● TASK INSTRUCTIONS: Return exactly the final stretch of the records below, opening with the line that contains "Private basement suite" and closing with the last line.

● SUPPLIED MATERIAL:
>>

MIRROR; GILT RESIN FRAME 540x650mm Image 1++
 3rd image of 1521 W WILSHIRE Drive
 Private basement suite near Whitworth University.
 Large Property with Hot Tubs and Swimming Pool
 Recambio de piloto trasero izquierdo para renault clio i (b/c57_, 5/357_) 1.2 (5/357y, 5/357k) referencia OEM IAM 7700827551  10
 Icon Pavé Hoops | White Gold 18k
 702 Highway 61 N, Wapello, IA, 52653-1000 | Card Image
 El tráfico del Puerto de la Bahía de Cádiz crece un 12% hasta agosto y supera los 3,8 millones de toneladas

<<

● RESPONSE TO THIS TASK:
 Private basement suite near Whitworth University.
 Large Property with Hot Tubs and Swimming Pool
 Recambio de piloto trasero izquierdo para renault clio i (b/c57_, 5/357_) 1.2 (5/357y, 5/357k) referencia OEM IAM 7700827551  10
 Icon Pavé Hoops | White Gold 18k
 702 Highway 61 N, Wapello, IA, 52653-1000 | Card Image
 El tráfico del Puerto de la Bahía de Cádiz crece un 12% hasta agosto y supera los 3,8 millones de toneladas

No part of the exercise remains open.